On doit s'arrêter sur son Autobiographie car c'est la première du genre qui nous ait été conservée. Elle est en réalité une riposte, dans la tradition des apologies, aux accusations de Juste de Tibériade qui reprochait à Josèphe d'avoir été l'un des fomentateurs de la révolte. Cette autobiographie est souvent mise en contradiction avec la Guerre des Juifs écrite vingt ans plus tôt. Ces discordances sont instructives, car elles ne tiennent pas tant à la matérialité des faits qu'à l'image que l'auteur veut donner de lui à vingt ans de distance : patriote rallié à des vainqueurs magnanimes dans la Guerre des Juifs, politique modéré dans la Vie.

Mais pour l'histoire des idées, c'est le dernier ouvrage, le Contre Apion, qui est peut-être le plus important. Il doit dater des années 93-96, et il constitue probablement une réponse aux attaques dirigées contre les Antiquités juives. Apion avait défendu devant Caligula la cause des Grecs d'Alexandrie contre les Juifs. Josèphe prend ce prétexte pour réfuter les critiques qui étaient adressées au judaïsme et cet ouvrage tend notamment à démontrer en deux livres l'excellence et l'antériorité de la civilisation judaïque. Son titre ancien paraît avoir été Sur l'antiquité des Juifs ou Contre les Grecs.

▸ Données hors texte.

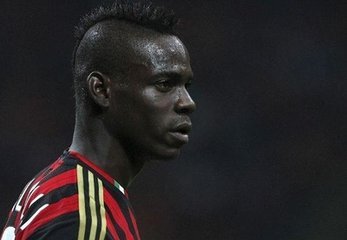 请问为什么叫巴洛特利巴神,why always me有什么典故?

Le style de Josèphe est très inégal : sa langue maternelle est l'araméen; il a appris le grec tardivement et le manie parfois avec lourdeur. On a aussi le sentiment qu'il est constamment occupé à réfuter ou à polémiquer, mais, ce sentiment une fois dépassé, c'est un observateur un peu extérieur, très précieux pour nous, presque autant, toutes proportions gardées, que Polybe en son temps. Comme Polybe, il a la passion d'expliquer, de faire connaître les modes de gouvernement, les méthodes de guerre, les raisons des victoires ou des défaites. Comme Polybe aussi, il a fait l'objet d'un procès incessant en collaboration avec l'ennemi. Mais, à coup sûr, la cause est bien plus complexe encore que celle de l'historien achéen. Il s'y mêle des considérations sociales, politiques, culturelles et religieuses. De grande famille, Josèphe a tendance à voir des brigands partout où il y a des tumultes populaires et les Romains lui apparaissent comme les garants de l'ordre public; politiquement, la conception d'un État juif que Josèphe trahissait est difficile à asseoir et à définir; culturellement, son ralliement à la langue grecque n'a peut-être pas plus de signification que celui d'un intellectuel indien écrivant en anglais; et sur le plan religieux on en est encore à chercher quelle étiquette lui attribuer réellement, une fois enregistrées ses prises de position hostiles au messianisme apocalyptique que les malheurs du temps suscitaient chez certains de ses compatriotes. Ce n'est en tous cas pas en quelques lignes qu'on peut trancher une question si délicate.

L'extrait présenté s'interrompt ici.